I should have been out buying nice presents for you all. Instead I sat around inhaling solder fumes. When the smoke cleared (mostly, anyway) I’d tested ten unusual Strat pickups in the same poor guitar.

Tested pickups sets:

Jason Lollar Gold Foils
Lindy Fralin Big Singles
Seymour Duncan Antiquity II Mini-Humbuckers
Jason Lollar Staple/P-90 set
Allparts Gold Foils

Verdicts? I dig them all, and not just ’cause I’m too polite/chicken to say otherwise.

I love the Lollar Gold Foils so much I’m assembling a new parts guitar to surround them. I’m going to keep the Fralin Big Singles in the demo Strat, at least till the next Mongrel Strat Project. I’m going to try putting the mini-humbuckers in a “parts” Tele at some point. I originally reviewed the Lollar P-90 set for Premier Guitar (where I evaluated them the “right” way: in a Gibson guitar), so they go back to manufacturer, though I’d sure like to own a set someday. Meanwhile, the Allparts set isn’t in the same league as its high-end competitors, but at a mere $30 per pickup, it costs about 1/4 the price of its expensive rivals. You could definitely do a lot of lo-fi damage with a pair of these surprisingly solid-sounding pickups!

This article joins the long list of experiments in the Mongrel Strat Project archive.

And how about you? Have you but stuffing any pickups into places where they don’t belong? Maybe that’s why Santa left you sucky presents this year.

22 comments to Ten Unusual Strat Pickups Tested

  • Thanks Joe, this is great! I kinda liked the reduced frequency response of the Allparts Vs the Lollars.

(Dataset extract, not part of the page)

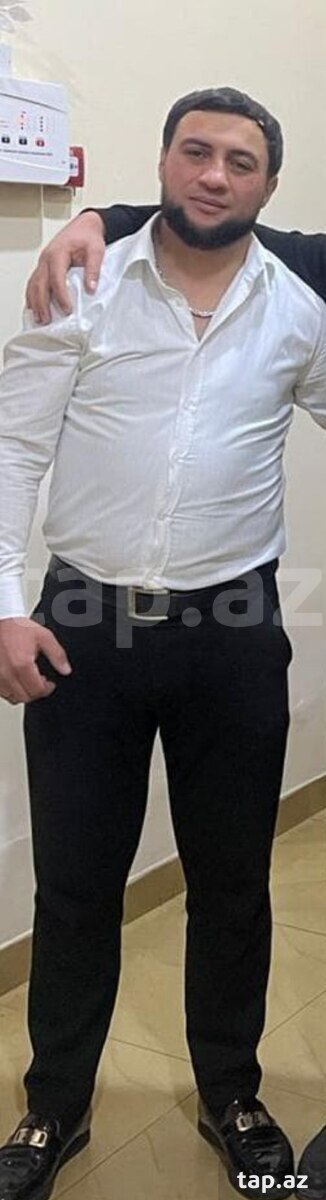 Nəzarətçi işi axtarıram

    It’s interesting hearing the G space pickups…I wonder how much impact the different spacing actually makes? Seems negligible to me listening, although playing it might reveal some uneven out issues. What is your take on this?

    • joe

      Hiya Matt — happy holidays! Yes, I totally get the appeal of pickups with limited frequency range. Regarding the pole piece spacing: I’m just sort of doing due diligence here. This post isn’t intended as any sort of “shootout” between models, but folks inevitably make comparisons and choose favorites, so it seemed right to point out that some pickups weren’t demoed under theoretically optimal circumstances.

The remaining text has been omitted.